The Curate’s egg is a phrase which entered the English language from the satirical magazine punch. In a cartoon from the 1890s, a lowly curate is portrayed trying to impress his superior at dinner. The bishop notices that he is eating a bad egg, but the curate cheerfully replies that it is not a problem because it is ‘parts of it are excellent’. Which, if it needs saying, is obviously nonsense as an egg cannot be good in parts, if it is bad, it is bad.
I was thinking about this last week when we were discussing some details about urine diversion dry toilets. Which are often called composting toilets.
In reading material about them, I began to notice that there was a divide between the way they are understood - some think of them as imperfect anaerobic digesters, others as imperfect aerobic composting units. And the problem is that in thinking in such a linear way about them (in either direction) seems to discount the possibility that they can be both - both operating aerobically and anaerobically at the same time. And also seems to avoid the point that like the curate’s egg, however you try to dress them up or however you try to understand the processes, they’re still imperfect.
And this becomes important when people know that they are imperfect and are aware that some better options exist. I was reading this interesting story about a backlash against the VIP latrines in eThekwini (which I have been reading quite a lot about recently). The municipality has a policy of constructing VIP latrines as a low-cost way to provide people with better sanitation. This involves building the units and also having them emptied periodically. They have also now suppled 80 000 simple urine diversion toilets, where the faeces falls into buckets that the users have to empty.

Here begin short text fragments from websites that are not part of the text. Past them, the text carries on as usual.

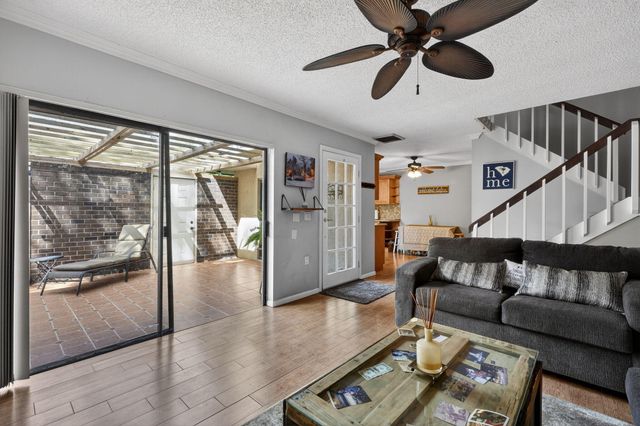 1608 16th Terrace, Palm Beach Gardens, FL 33418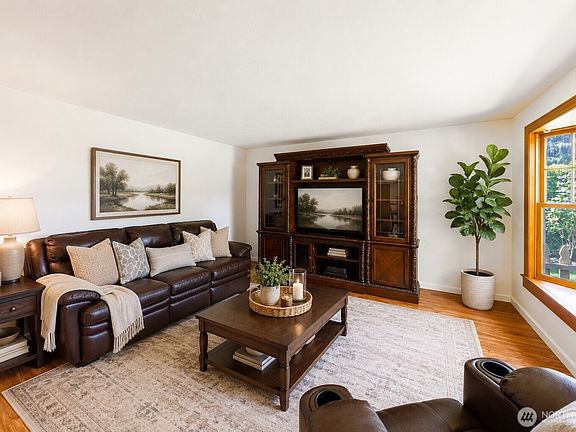 4th image of 21339 Rolling Ridge Drive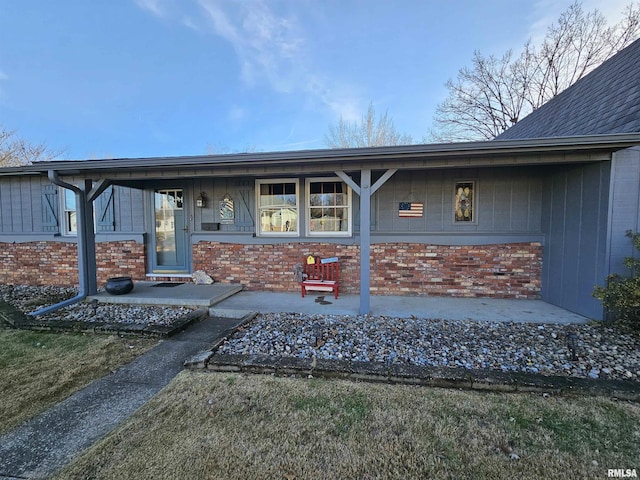 view of front of house with a porch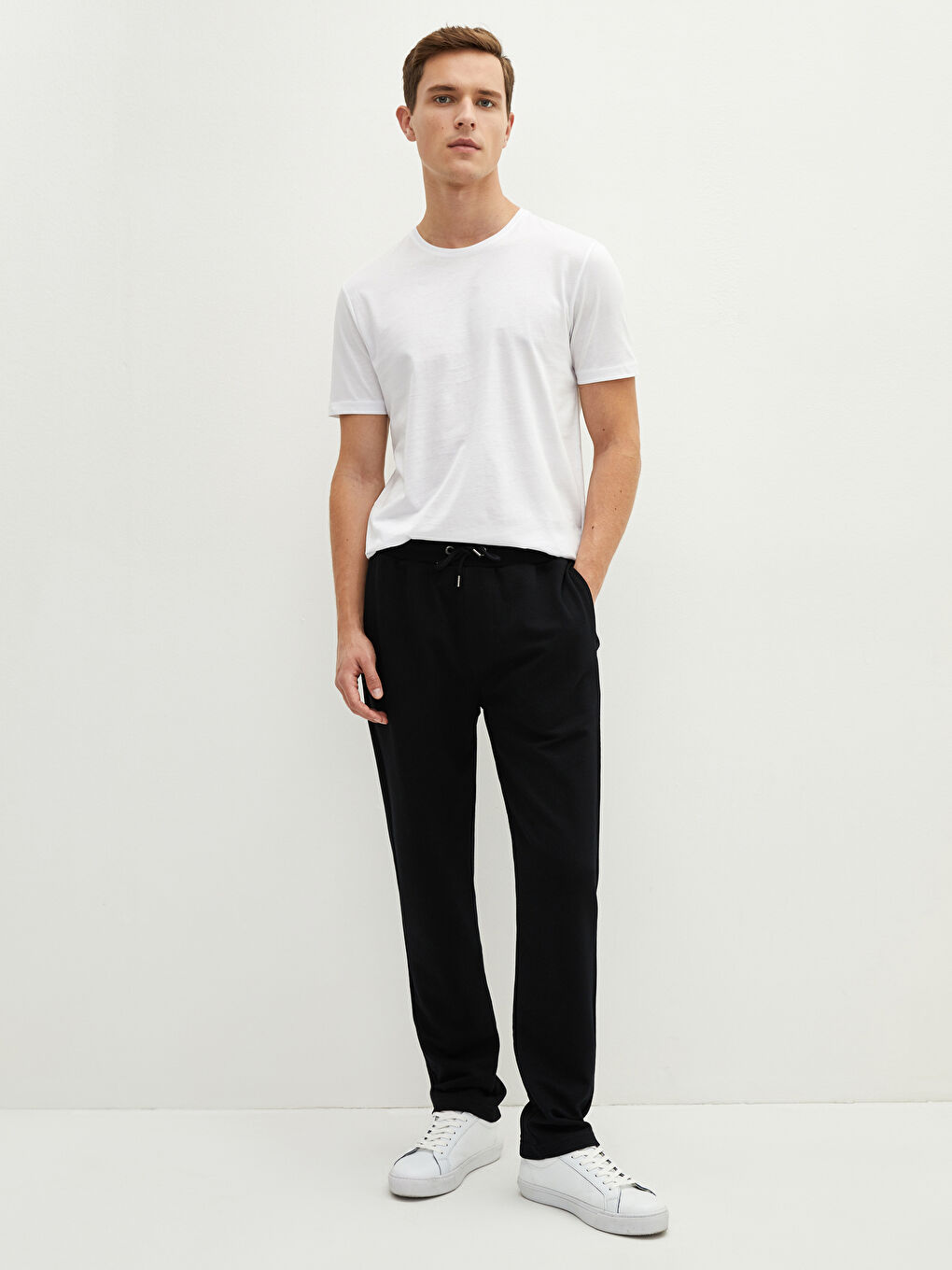 LCWAIKIKI Basic Standard Fit Men's Sweatpants -W11451Z8-CVL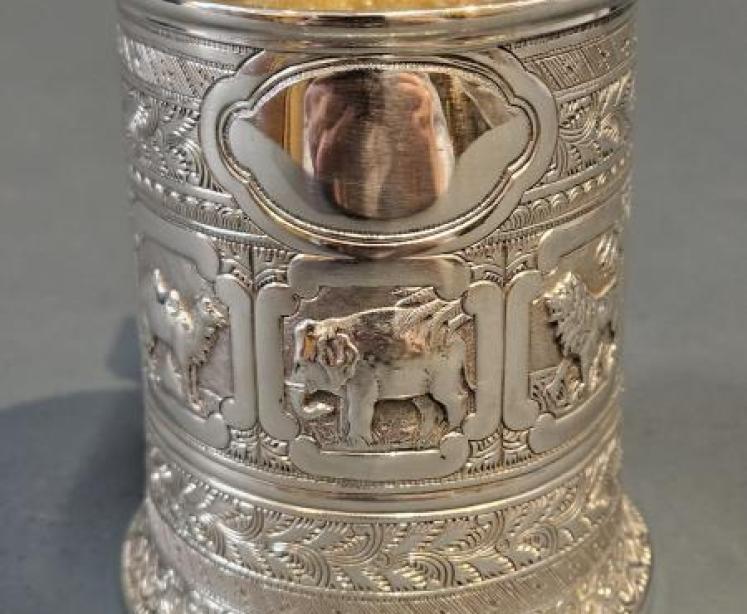 Outstanding Victorian Edinburgh Silver Mug - Image 4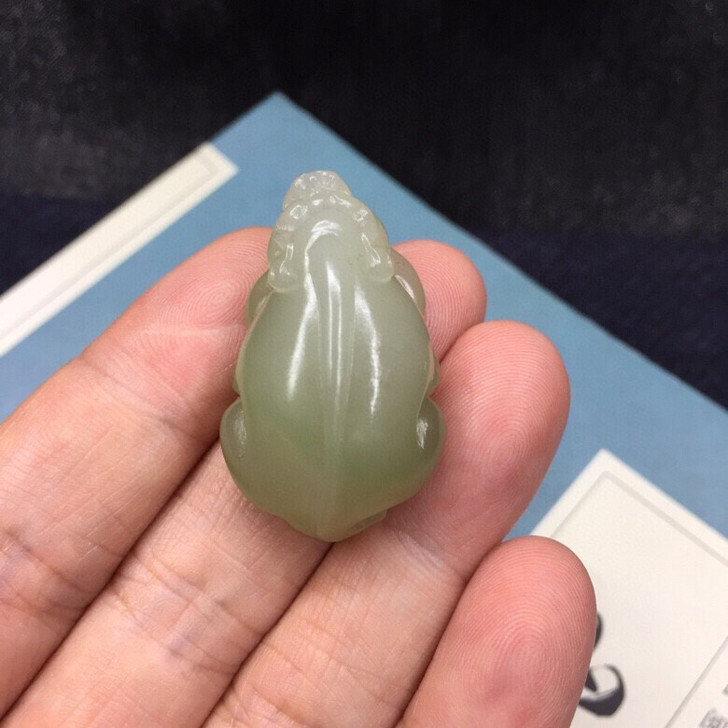 和田玉青海料,貔貅挂件,玉质细腻,质地油润...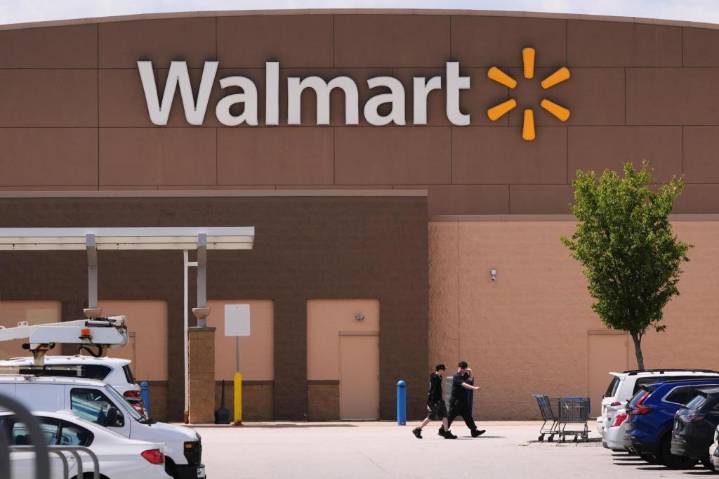 Walmart reports solid second-quarter sales and profits despite a challenging tariff environment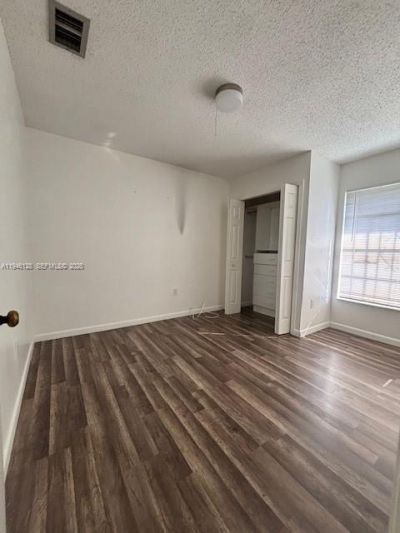 817 NE 214th Ln , Unit 4, Miami, FL 33179 Photo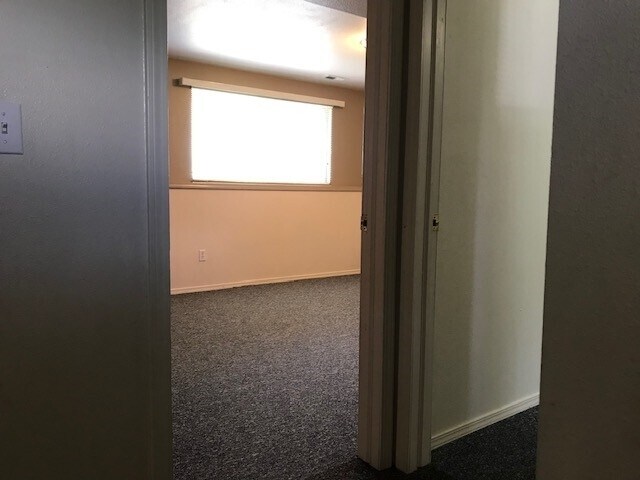 Building Photo - 209 W 500 N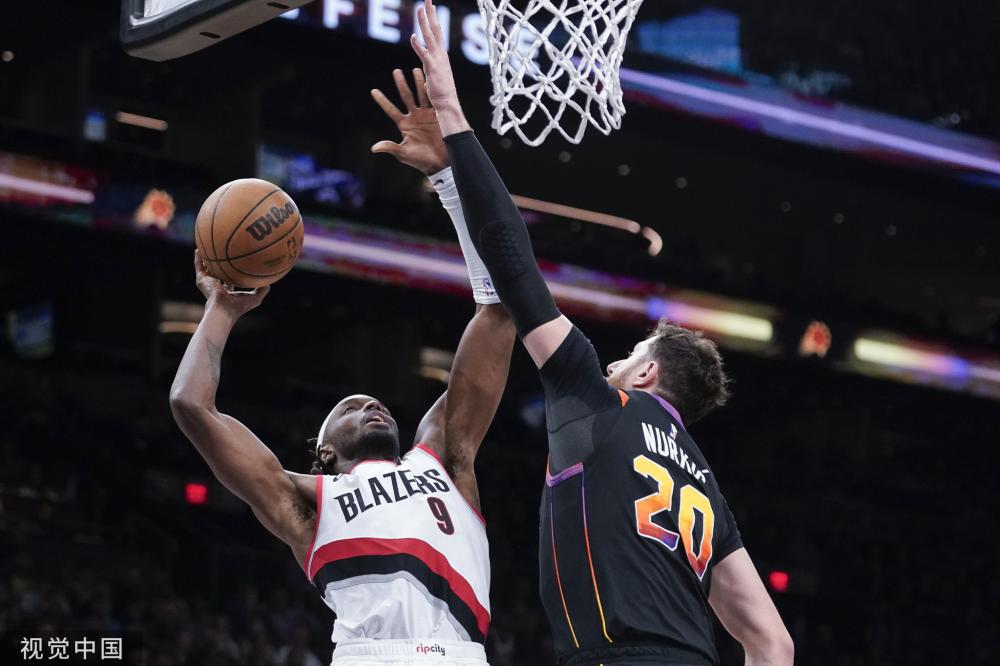 里再添两冠 里再添两冠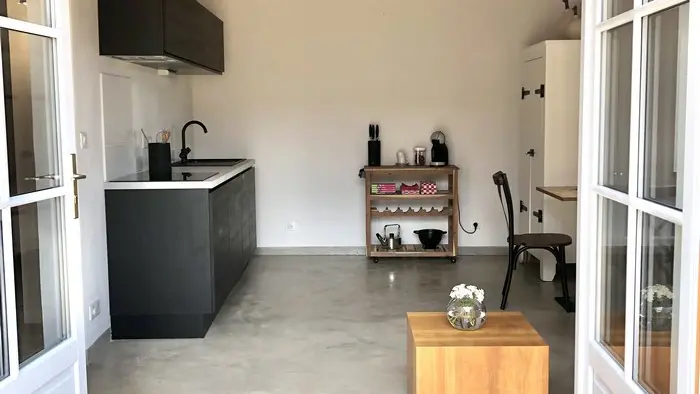 HLOAQU047V50GNWA_Blanquefort_Chambre en pierre_Gîte Monpazier_cuisine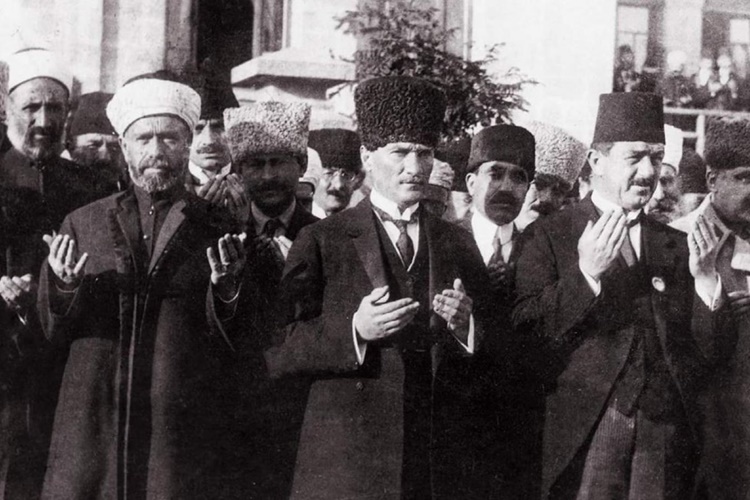 Atatürk Hangi Padişah Döneminde Doğmuştur?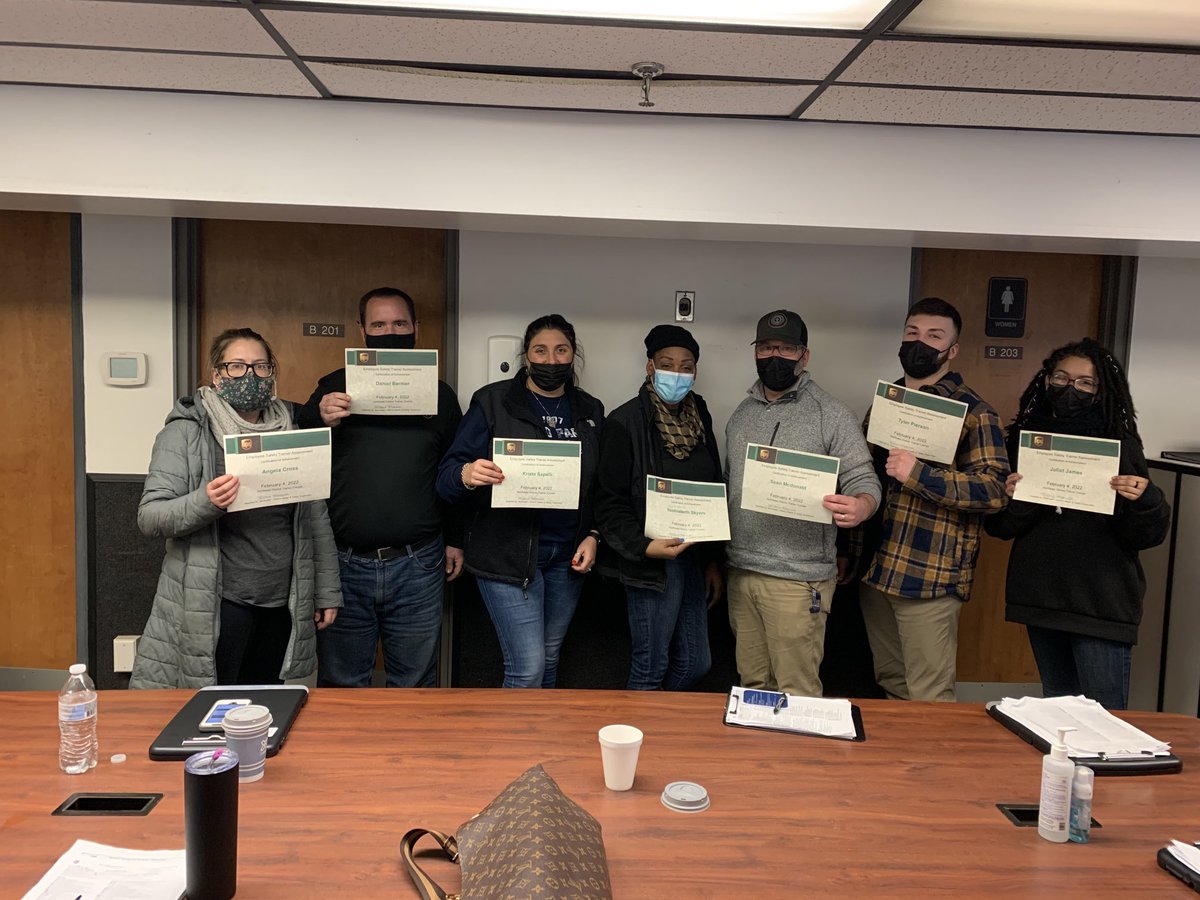 ESTA class in Springfield!  Knowledge is power!  Ready to share what they’ve learned with their employees!  ⁦<a href="/safetyfirstNED/">Northeast District Safety</a>⁩ #NEDSTARTSTRONG ⁦<a href="/amy_madeira/">Amy Madeira</a>⁩ ⁦<a href="/Erickalyons/">Ericka Lyons Golia</a>⁩ ⁦<a href="/HoDsafety/">HODsafety</a>⁩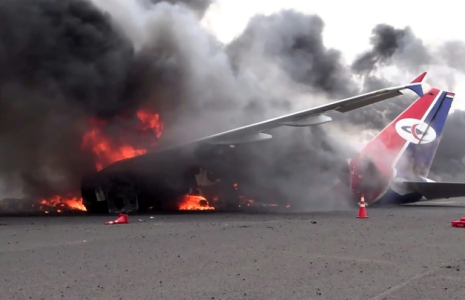 Une photo fournie par l'agence de presse des Houthis le 6 mai 2025 montre un avion en feu à l'aéroport international de Sanaa, cible de frappes israéliennes ( SABA / - )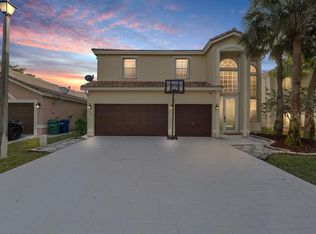 5303 NW 112th Ter, Pompano Beach, FL 33076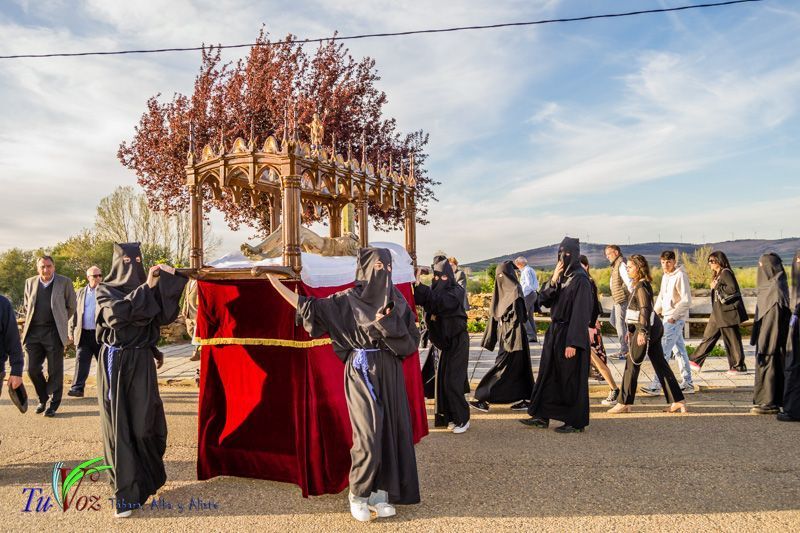 La espléndida tarde de Viernes Santo hizo lucir la procesión del Santo Entierro 43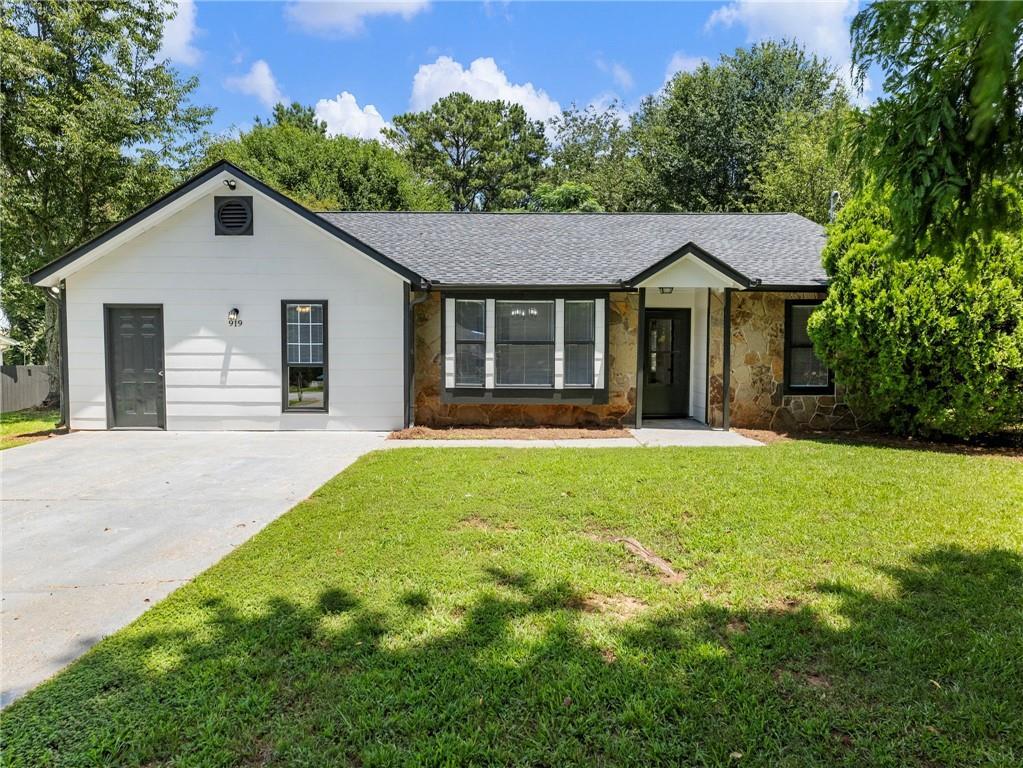 919 Country Oaks Ct., Lawrenceville, GA 30044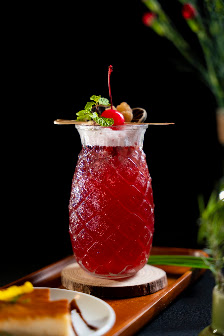 Lục Thủy Restaurant & Lounge photo 6 in Thao Dien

According to the article, 88.3 of people in the area have flush toilets and those who have only the UD bucket toilets are saying that they should have flush rather than the UD or VIP systems. They are saying that the options they are given are Curate’s eggs.
Which is an interesting point of human psychology. I was reading previously about communities who were exposed to idea of sanitation via CLTS rejecting the whole thing because they’d been told that their aspirations were too high. Here, the toilets are being rejected because people know that better sanitation options are available and therefore by being offered something which is perceived as being of low quality, they’re being treated like second-class citizens. Of course, they are right, they are being treated like second-class citizens.
Rationally, though, it doesn’t seem to make much sense. If you have no sanitation and someone offers to give you something, you are supposed to welcome and use it. Even if you are aware that better options exist, you are supposed to stoically welcome the development as a first step for you on the sanitation ladder.
I just don’t know what you do when a #WASH intervention is rejected because users know that you could/should be giving them something better.